# 1970's Bianchi Folding Bike (pics)



## holy cromoly (Nov 9, 2008)

My new project, a 1970's Bianchi folder with a 3 speed Sturmey Archer. I know it's not a road bike, but i was thinking speeding it up this little ol' number. I've seen some nice Raliegh 20 folding bike projects online where they made into more road bike like setups.

This will be my coffee run and errand bike when I don't want to lock up my Kona Kapu or Retrotec 29er.

I cleaned it up. Thinking about removing the fenders and adding brown Brooks bits (saddle/grips). The 3 speed Sturmey Archer is tuned and running great (impressive how this 30 plus drivetrain still works so well).
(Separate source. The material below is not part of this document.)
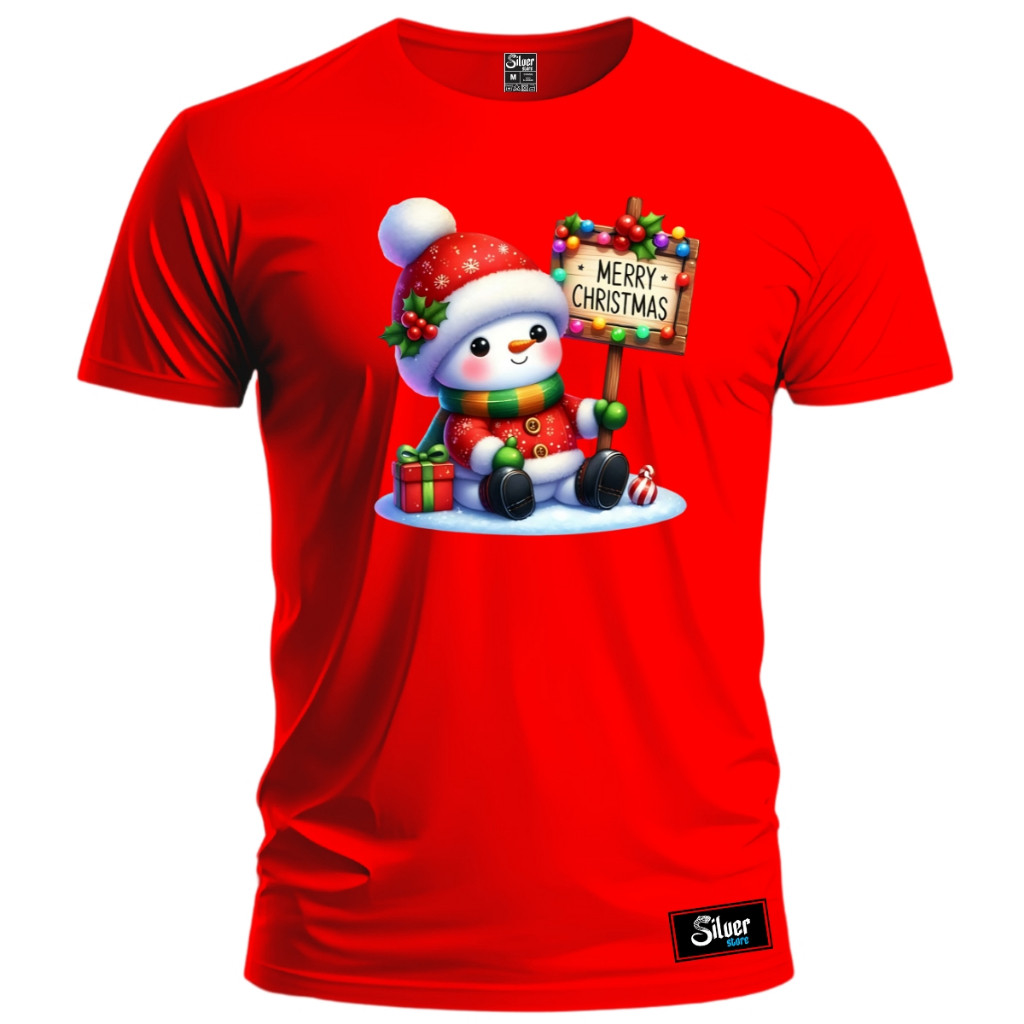 Camiseta De Natal Boneco De Neve Merry Chrinstmas 100%Algodão Unissex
I have to work on the brakes next.

I was also thinking about puttin on the Soma Noah's Arc bar to bring give me more cockpit instead of the rearward sweep on there now.


----------



## AndyP. (Mar 25, 2006)

That is pretty!! Looks like fun.


----------



## holy cromoly (Nov 9, 2008)

AndyP. said:


> That is pretty!! Looks like fun.


It's also pretty heavy too .
That little thing weighs 32 pounds.

I still don't know what I am going to do with it: simply put brown saddle and grips or do possibly strip it down to a minimal and make it fast.


----------